Jury Deliberates 2 Hours Before Convicting Husband and Wife of Mortgage Fraud

Allison Tussey —  November 25, 2013 — Leave a comment

Linda Yarleque, 44, and her husband, Fabio Moreno Vargas, 46, Westwood, New Jersey, were both convicted of one count each of bank fraud and conspiracy to commit wire fraud.

The defendants were convicted following a one-week trial before U.S. District Judge William H. Walls in Newark federal court. The jury deliberated two hours before returning the guilty verdicts.

According to documents filed in this case and the evidence at trial:

Yarleque and Moreno obtained 10 fraudulent loans over a period of three years. They falsified their employment and income, failed to disclose their debts and other properties that they owned, and lied about where they lived. They fraudulently obtained a total of $3.4 million in mortgages this way and personally pocketed approximately $269,000, through “cash out” refinancings that they directed to their own bank accounts. They then spent that money on vacations, cars, and to buy more properties.

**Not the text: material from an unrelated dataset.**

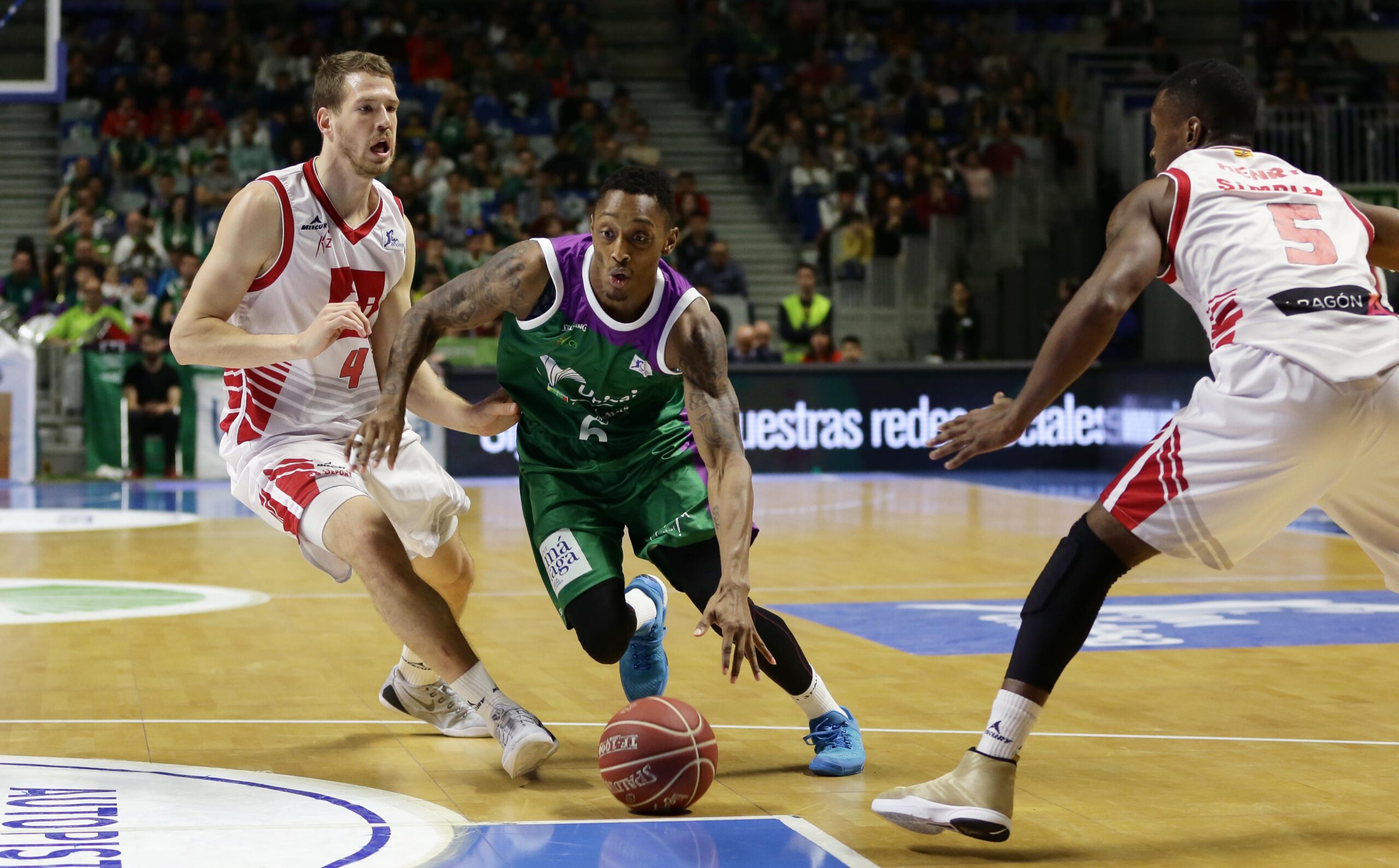 El ex Unicaja Kenneth Hayes ficha por el Buyukcekmece turco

The defendants made up a phony business where Moreno was supposedly employed (My Limousine). They then obtained a phone line in the name of My Limousine and had it forwarded to their personal cell phones. When mortgage lenders called to verify Moreno’s employment, the defendants lied, posing as fictitious employees, using names such as “Janet Alvarez” and “Casandra Sterling.”

Each count upon which the defendants were convicted is punishable by a maximum potential penalty of 30 years in prison and a $1 million fine. Sentencing is scheduled for March 11, 2014.U.S. Attorney Paul J. Fishman announced the convictions.

U.S. Attorney Fishman credited special agents of the FBI, under the direction of Special Agent in Charge Aaron T. Ford in Newark, with the investigation leading to today’s convictions. He also thanked IRS-Criminal Investigation for its role in the case.

The government is represented by Assistant U.S. Attorney J. Jamari Buxton of the general crimes unit and Rachael A. Honig, counsel to the U.S. Attorney.